Before starting her own production company Better Than Fiction, Cohen was a staff producer at NBC News for nine years, where she won the Individual Achievement Award for Best News Producer from American Women in Radio and Television (Gracie Award). In the 1990s she created and produced Court TV’s weekly program Supreme Court Watch. A graduate of Colgate University, she holds Master’s degrees from Yale Law School, where she was a Knight Journalism Fellow, and Columbia University, where she is currently an adjunct professor in the documentary program
Moderator Jeannine DeLombard (English, UCSB)
Jeannine Marie DeLombard is Associate Professor in the English Department at the University of California, Santa Barbara, where maintains an Affiliation with the History Department. She specializes in African American and pre-1900 American literature, with a particular interest in identity and personhood at the intersections of slavery, law, and print publicity. Her last book, In the Shadow of the Gallows: Race, Crime, and American Civic Identity (Penn 2012) serves as a prequel of sorts to her first book, Slavery on Trial: Law, Abolitionism, and Print Culture (UNC 2007). She is currently at work on her third book, Bound to Respect: Democratic Dignity & the Indignities of Slavery.
This event is sponsored by the Carsey-Wolf Center
and the 2018 Critical Issues in America series “Changing Faces of U.S. Citizenship.”

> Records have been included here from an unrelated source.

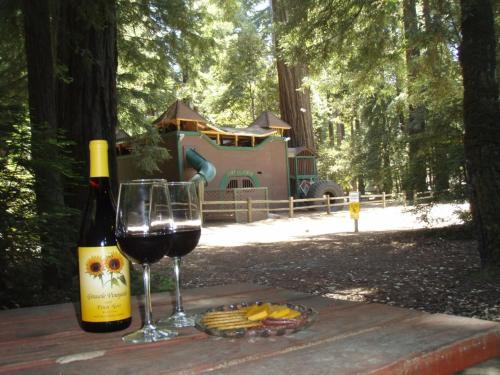 Redwoods River Resort & Campground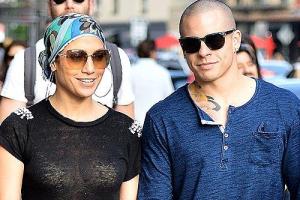 Дженнифер Лопес решила дать Касперу Смарту еще один шанс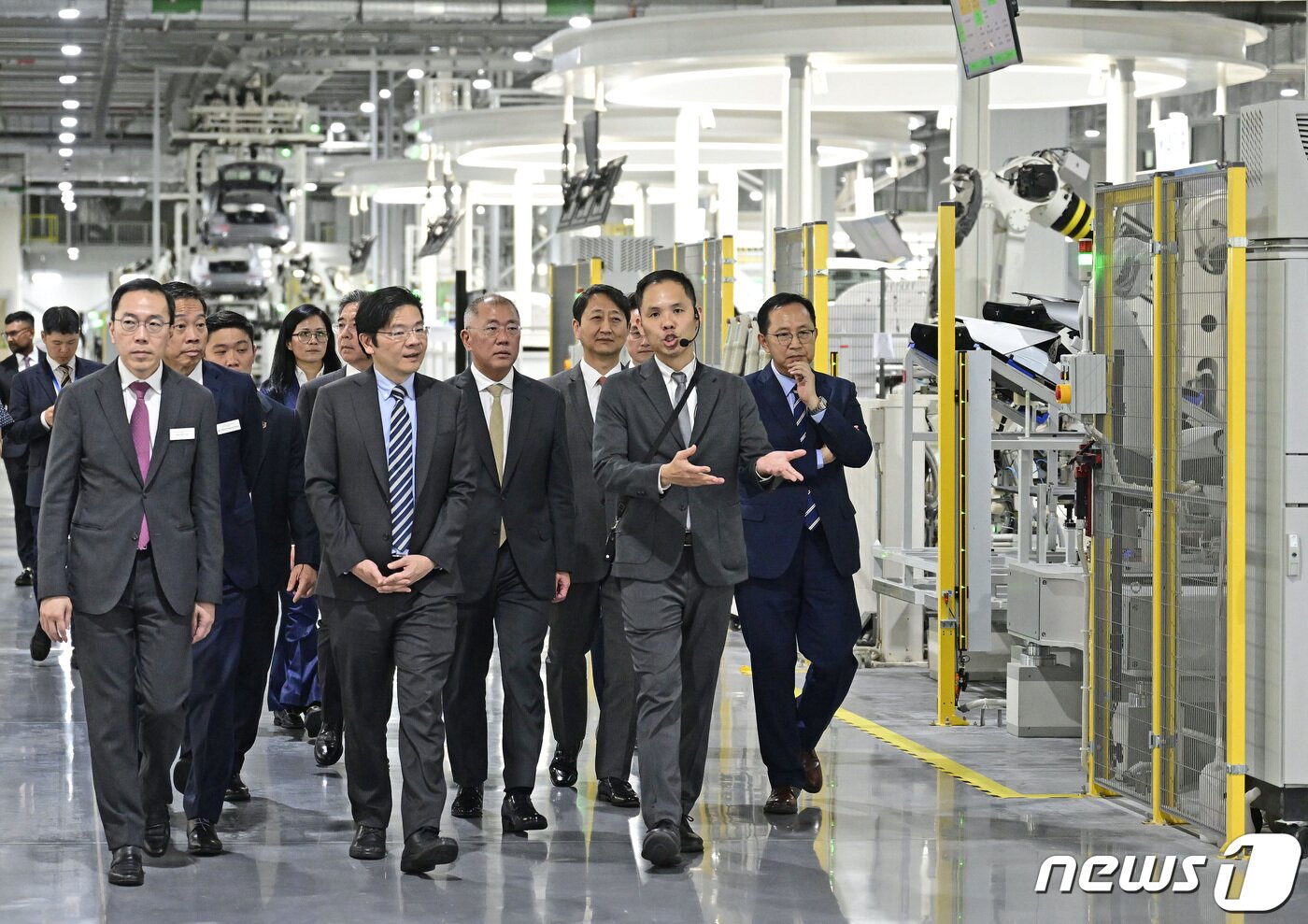 본문 이미지 - 정의선 현대차그룹 회장과 로렌스 웡 싱가포르 부총리가 21일 싱가포르 서부 주룽 혁신지구에 위치한 현대차그룹 싱가포르 글로벌 혁신센터에서 제조 시설을 둘러보고 있다. &#40;현대차그룹 제공&#41; 2023.11.21/뉴스1
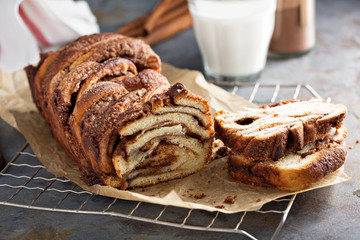 CInnamon chocolate babka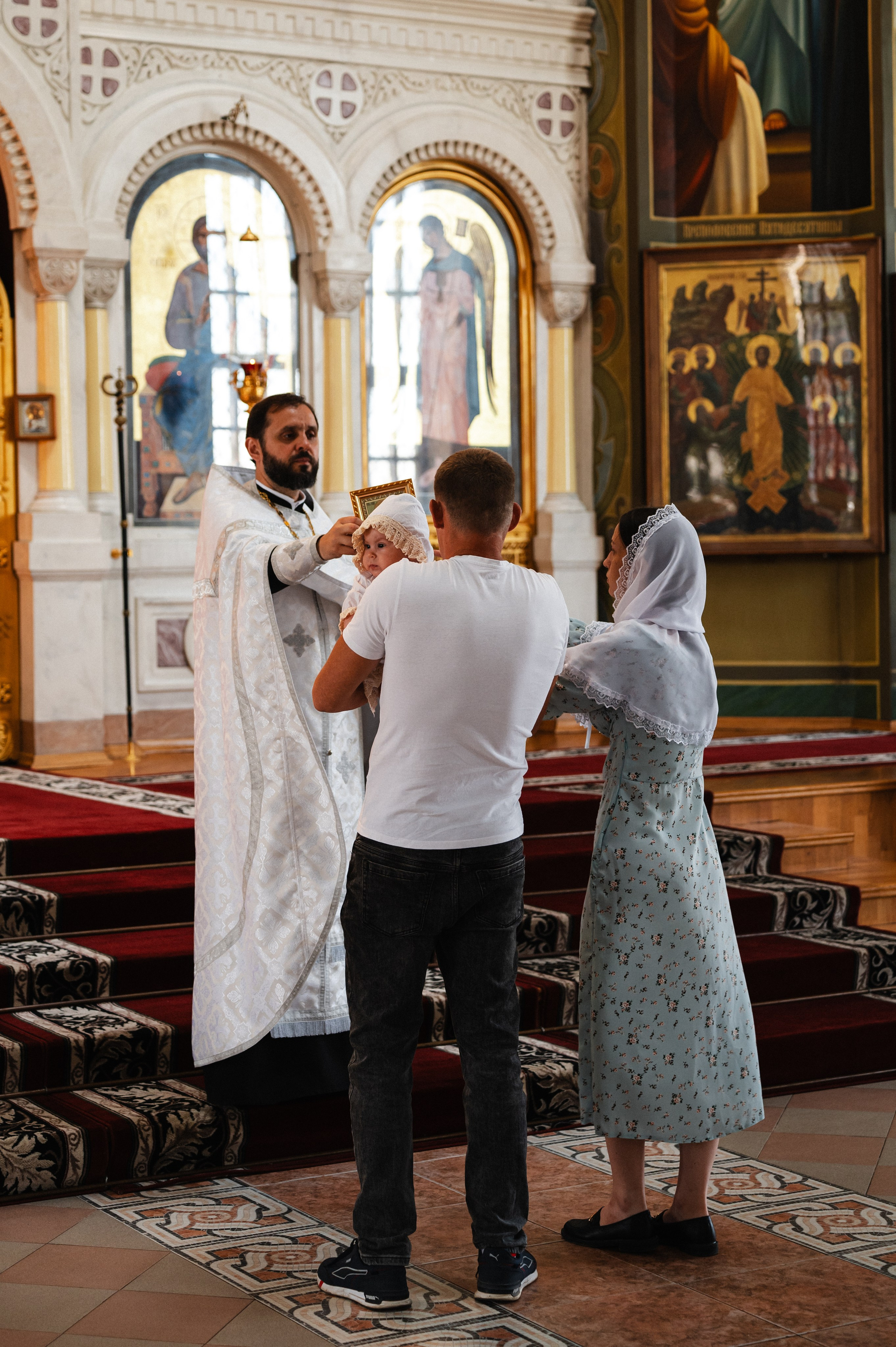 Таинство Крещения Дарьи (Храм Преполовения Пятидесятницы). Фотограф Ярута Оксана / Ростов-на-Дону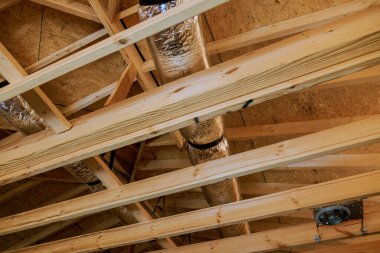 Ahşap kirişli, tamamlanmamış yeni evin duvarları iç görünümü.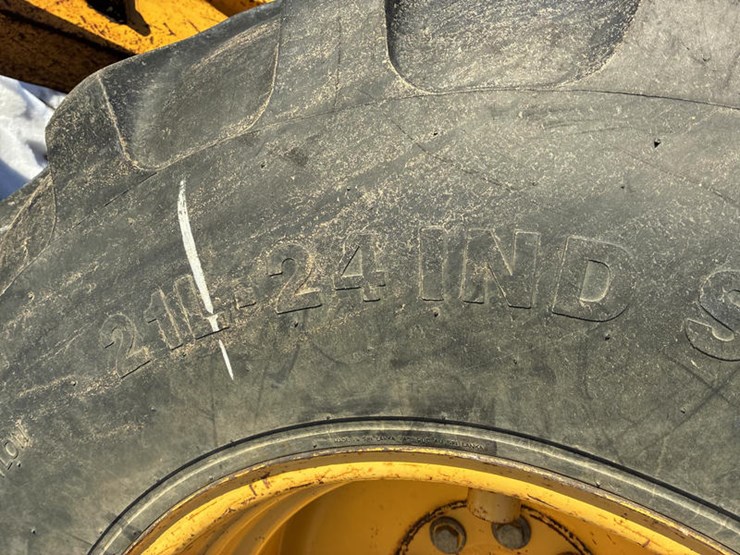 john-deere-310d-image-50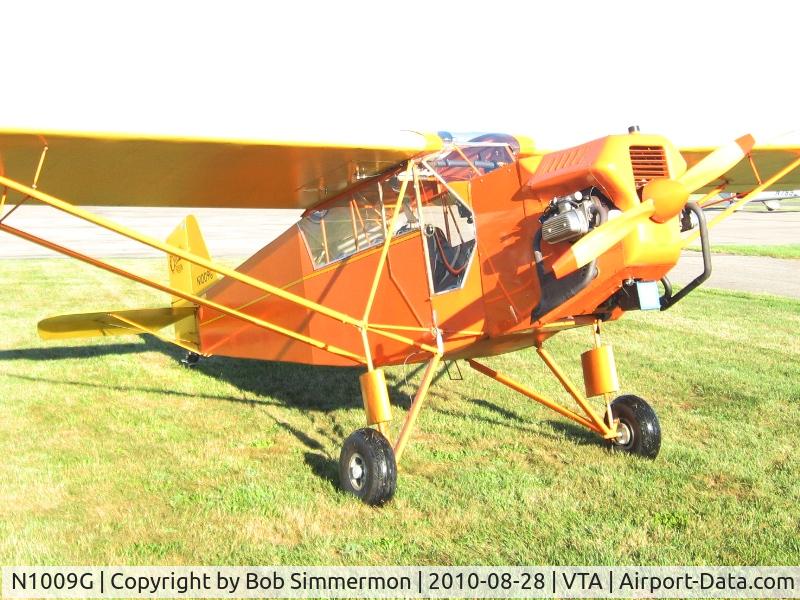 N1009G, 2003 Curtiss Robin Replica C/N 1, Newark, Ohio breakfast fly-in.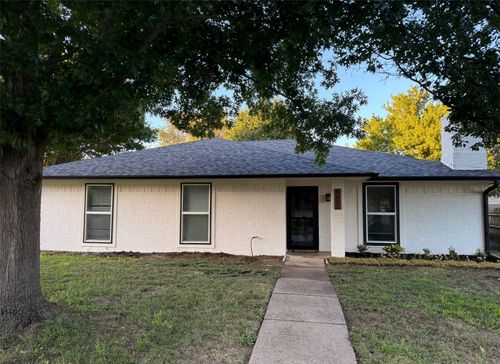 2926 Panhandle Dr, Grapevine, TX, 76051-4717 | Card Image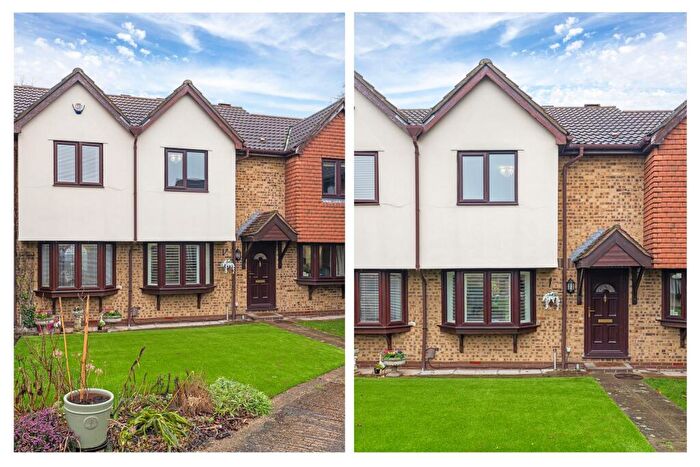 2 Bedroom Terraced House For Sale In Turners Meadow Way, Beckenham, BR3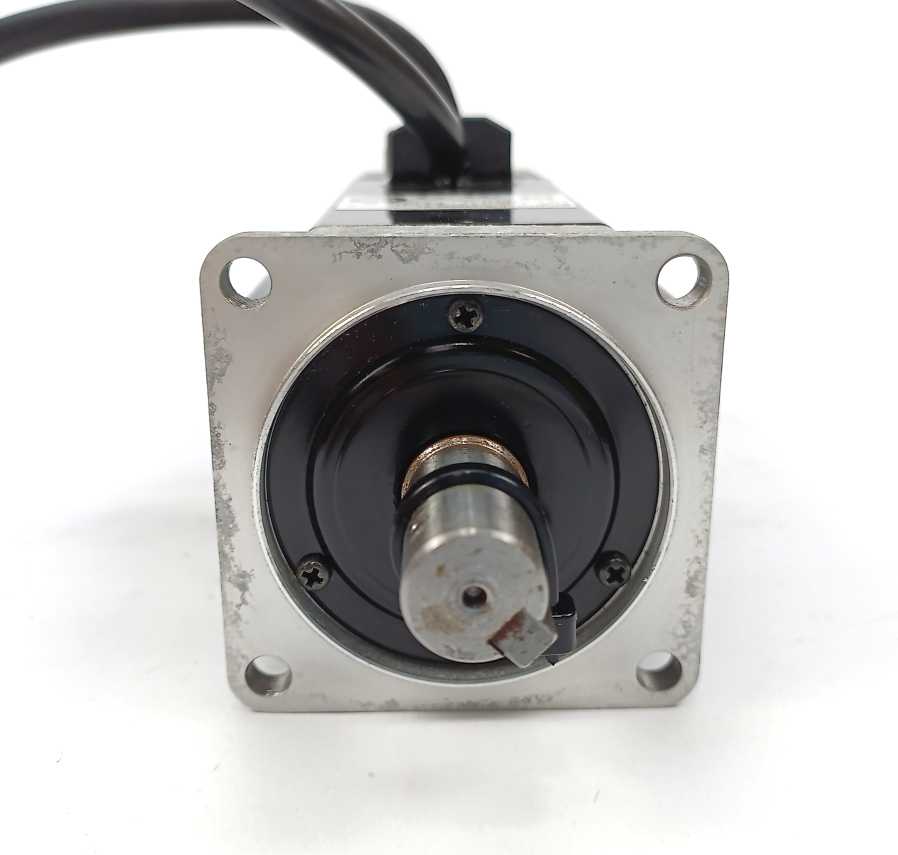 OMRON R7M-A40030-S1 AC Servo Motor, one cable connector missing.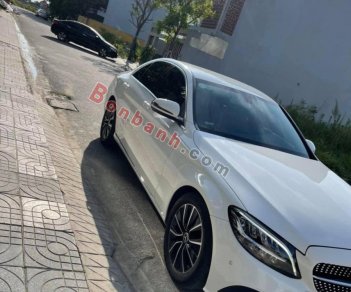 Mercedes-Benz C200 2019 - Cần bán xe Mercedes C200 sản xuất 2019, màu trắng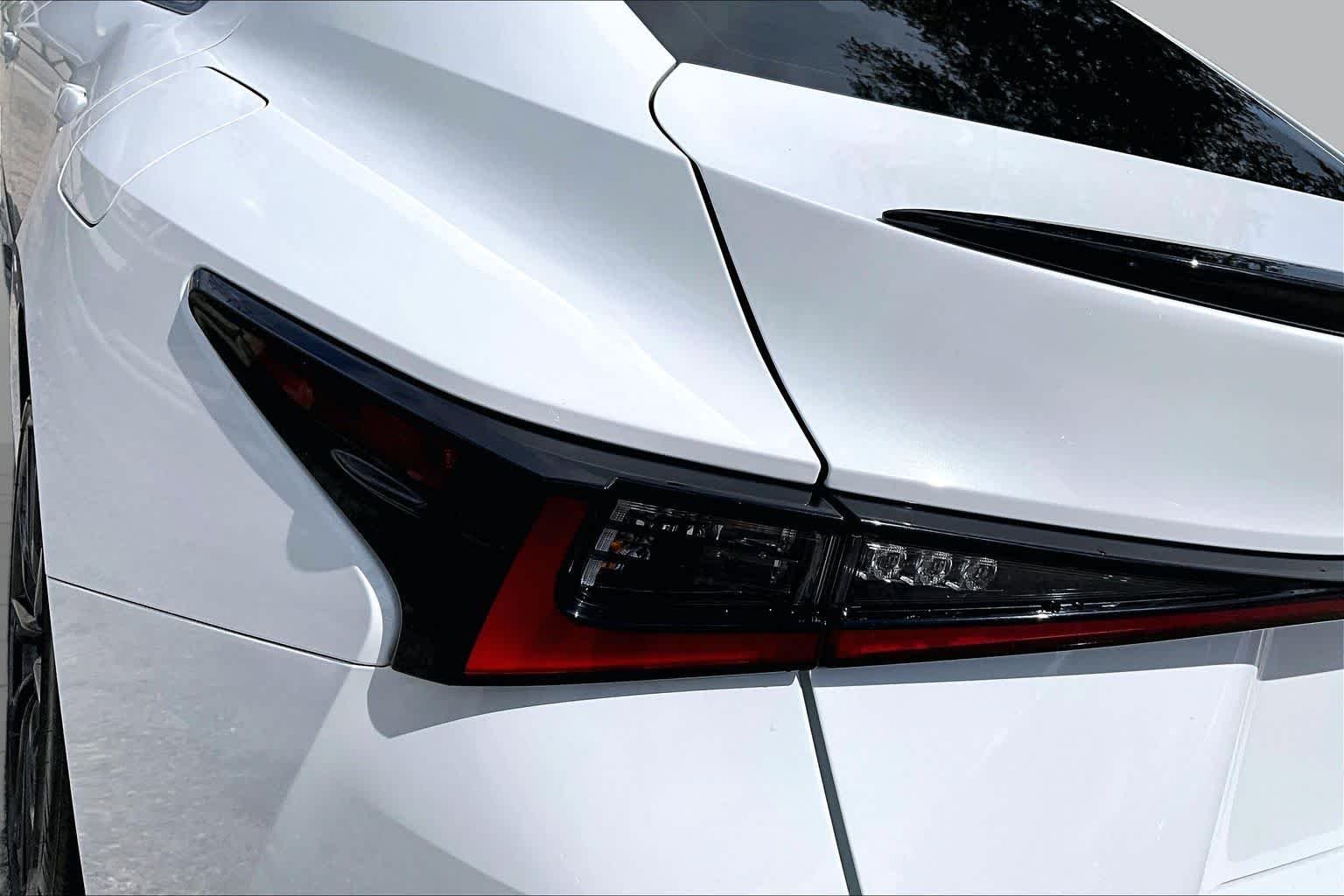 Used 2024 Ultra White Lexus F SPORT Design image 29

The Critical Issues in America series is sponsored by the College of Letters and Science and in 2018 is organized by Professor Beth DePalma Digeser (History) and Professor Helen Morales (Classics, Argyropoulos Professor of Hellenic Studies), with co-sponsorship from the Office of the Executive Vice-Chancellor, the Office of the Associate Vice Chancellor for Diversity and Equity, and the Academic Senate.
The Carsey-Wolf Center is committed to screening documentaries from across the world that engage with contemporary and historical issues, especially regarding social justice and environmental concerns. Documentaries allow filmmakers to address pressing issues and frame the critical debates of our time.